Activity:
When you reach the line holding "With Conversion Rate Optimization", please begin to restate the lines word for word and continue through the last one in the material, excluding pictures.

Data supplied:
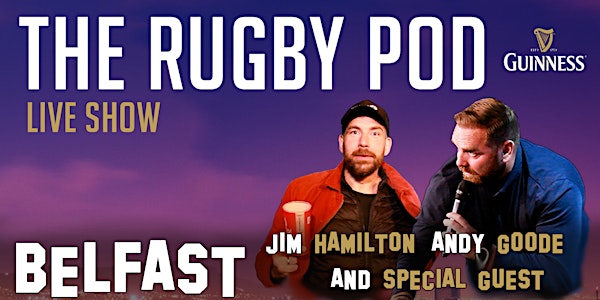 The Rugby Pod -  Guinness Six Nations Live Show - Belfast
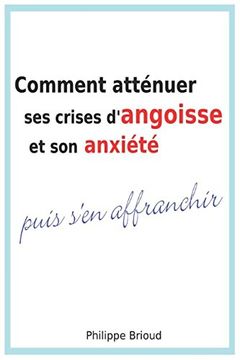 portada Comment Atténuer ses Crises D'angoisse et son Anxiété Puis S'en Affranchir (en Francés)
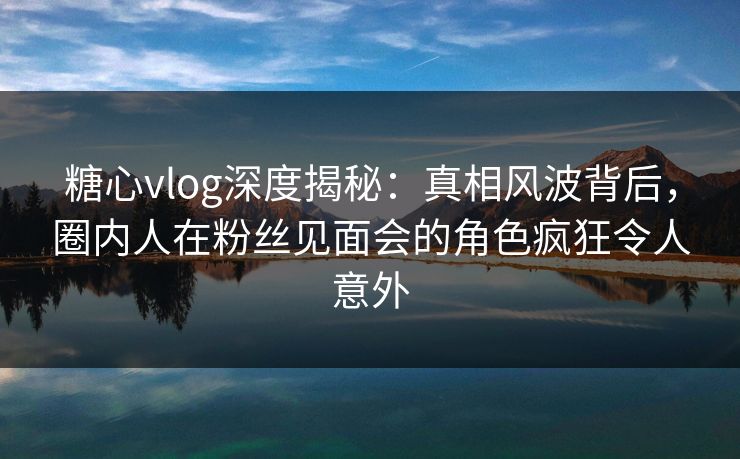 糖心vlog深度揭秘：真相风波背后，圈内人在粉丝见面会的角色疯狂令人意外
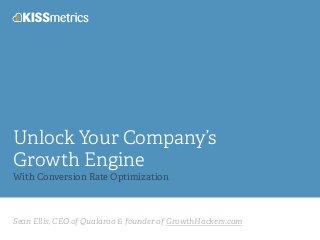 Unlock Your Company’s 
Growth Engine ! 
With Conversion Rate Optimization 
Sean Ellis, CEO of Qualaroo & founder of GrowthHackers.com 
 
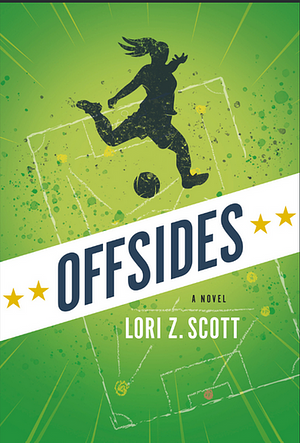 Offsides by Lori Z. Scott, Lori Z. Scott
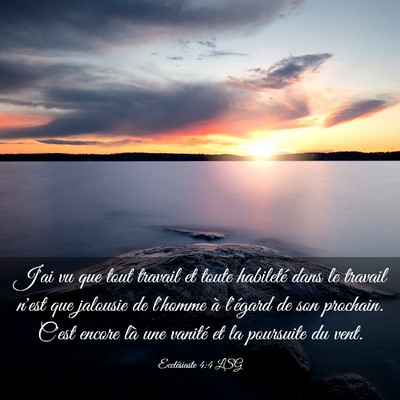 Picture 03 - Ecclésiaste 4:4 LSG - J'ai vu que tout travail et toute habileté dans - Bible Verse Picture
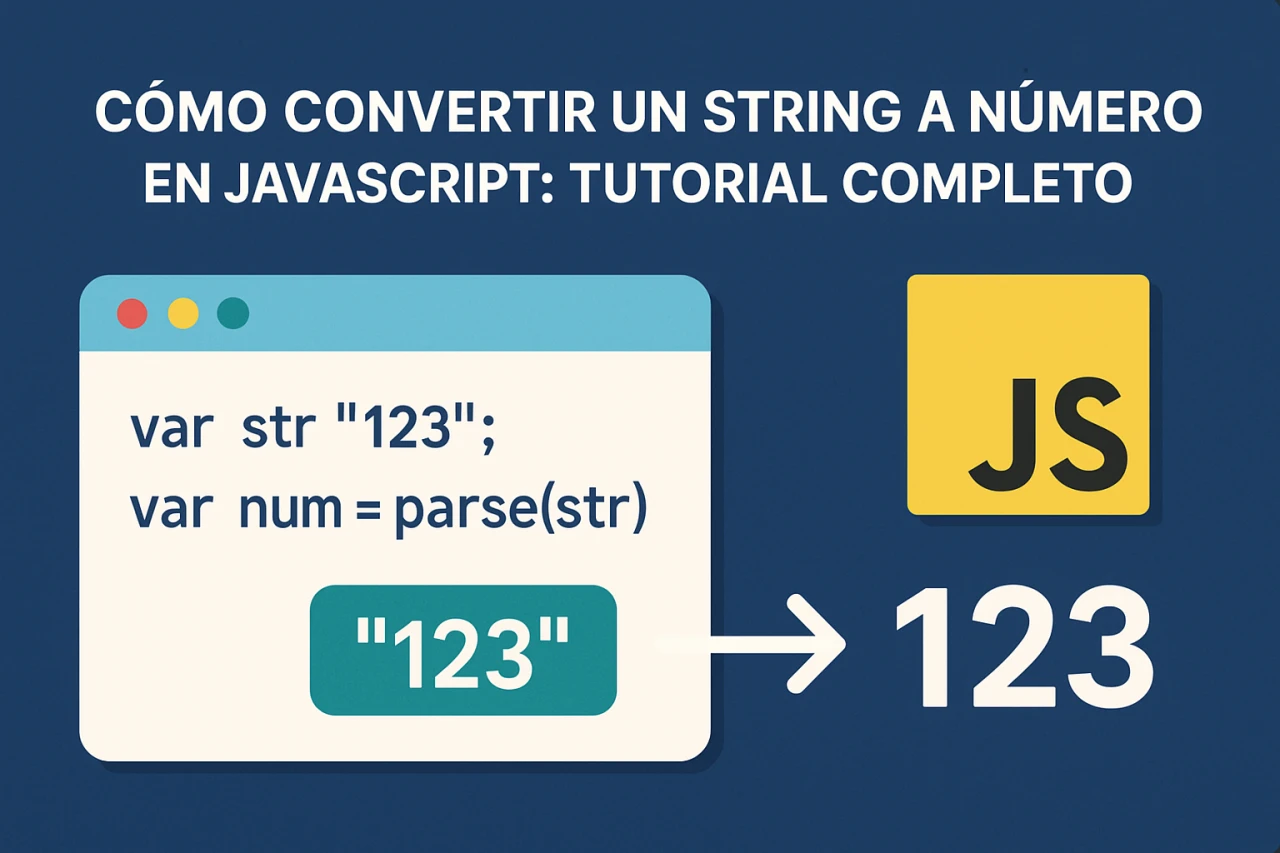 Cómo convertir un string a número en JavaScript: Tutorial completo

Completed task:
With Conversion Rate Optimization 
Sean Ellis, CEO of Qualaroo & founder of GrowthHackers.com 
 
 Offsides by Lori Z. Scott, Lori Z. Scott
 Picture 03 - Ecclésiaste 4:4 LSG - J'ai vu que tout travail et toute habileté dans - Bible Verse Picture
 Cómo convertir un string a número en JavaScript: Tutorial completo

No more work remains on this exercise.